EGME is part of Essel Group, the Indian multinational conglomerate which has a 90 year history of developing and promoting businesses and has net assets of approximately US$20 billion. EGME is driving Essel Group’s expansion across Europe, the Middle East, Africa and Asia pacific region. Our vision is to actively acquire and manage a portfolio of assets and businesses across a range of sectors capable of delivering long-term growth.
We see great opportunity in the oil & gas and mining sectors. We are confident that by targeting competitively valued assets in underdeveloped markets, we have the right strategy in place to become a leading, low-cost natural resources company.
Through our potash business, we have an interest in two extremely exciting projects. In May 2015, we acquired the exploration licence for the Bada potash mine, which is situated in the most northern part of the Danakil region of Eritrea. Then, in November 2016, we signed a Memorandum of Understanding (MoU) with Gensource Potash Corp. (Gensource) to form a joint venture (JV) to develop a potash project in the Vanguard area in Saskatchewan, Canada.

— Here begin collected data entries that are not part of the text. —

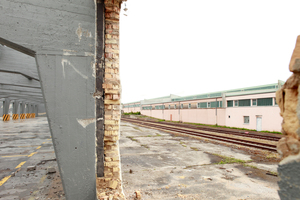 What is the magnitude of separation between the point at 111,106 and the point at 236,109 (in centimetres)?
2321

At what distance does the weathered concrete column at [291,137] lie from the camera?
1.06 m

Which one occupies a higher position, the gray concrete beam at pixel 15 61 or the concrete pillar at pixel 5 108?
the gray concrete beam at pixel 15 61

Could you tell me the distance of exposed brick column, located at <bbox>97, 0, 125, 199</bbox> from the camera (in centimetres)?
364

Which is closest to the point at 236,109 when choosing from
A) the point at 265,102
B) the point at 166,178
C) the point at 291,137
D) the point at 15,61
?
the point at 265,102

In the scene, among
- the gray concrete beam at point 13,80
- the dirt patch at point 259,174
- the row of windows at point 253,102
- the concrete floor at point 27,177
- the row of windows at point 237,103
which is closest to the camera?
the concrete floor at point 27,177

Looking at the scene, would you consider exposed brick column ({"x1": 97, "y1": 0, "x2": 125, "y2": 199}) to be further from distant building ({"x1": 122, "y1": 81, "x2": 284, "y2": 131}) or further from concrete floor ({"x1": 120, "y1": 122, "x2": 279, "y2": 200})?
distant building ({"x1": 122, "y1": 81, "x2": 284, "y2": 131})

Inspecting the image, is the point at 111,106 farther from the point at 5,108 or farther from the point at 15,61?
the point at 5,108

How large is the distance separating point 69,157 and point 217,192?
3.90 m

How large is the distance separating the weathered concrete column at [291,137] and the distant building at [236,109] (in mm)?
21074

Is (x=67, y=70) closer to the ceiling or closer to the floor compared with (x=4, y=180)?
closer to the ceiling

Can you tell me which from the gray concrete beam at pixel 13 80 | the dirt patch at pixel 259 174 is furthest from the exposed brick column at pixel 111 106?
the gray concrete beam at pixel 13 80

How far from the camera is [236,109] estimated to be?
76.8 feet

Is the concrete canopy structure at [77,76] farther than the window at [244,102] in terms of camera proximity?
No

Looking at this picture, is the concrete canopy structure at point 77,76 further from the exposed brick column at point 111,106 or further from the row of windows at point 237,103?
the row of windows at point 237,103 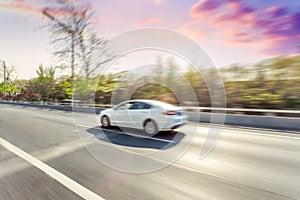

Our mining business owns and operates four iron ore mines in Eritrea: Agameda, Gedem, Defere and Tereshi. The Agameda and Gedem mines contain total resource and reserves of 75 – 100 million t of 60 – 64% quality Fe.
Our oil and gas portfolio was acquired in June 2015, following an agreement with Simba Energy, a Toronto-listed oil and gas exploration company. As part of the agreement we acquired a 60% participating interest in five production sharing contracts on assets in Kenya, Guinea, Liberia, Ghana and Chad.
Finally, as part of our commitment to meeting the global demand for energy from alternative low-carbon energy sources, in October 2016, we announced our investment in LeadCold Reactors, the Swedish-Canadian lead-cooled small nuclear reactor technology company.
In August 2015, EGME acquired the exploration licence for the Bada potash mine in Eritrea’s Danakil Depression. Could you provide us with a background about details of the project and where you are at currently?
The 626 km2 Bada licence area is situated in the Danakil Depression in Eritrea, which is renowned for possessing significant accumulations of potash.
It is favourably located close to existing infrastructure and is approximately 330 km from the capital city Asmara and 230 km from established port facilities in Massawa, which provides direct and highly cost-competitive access to key end markets. We are also looking at the feasibility of constructing a jetty on the Red Sea coast, a mere 40 km from the Bada project, to further improve access.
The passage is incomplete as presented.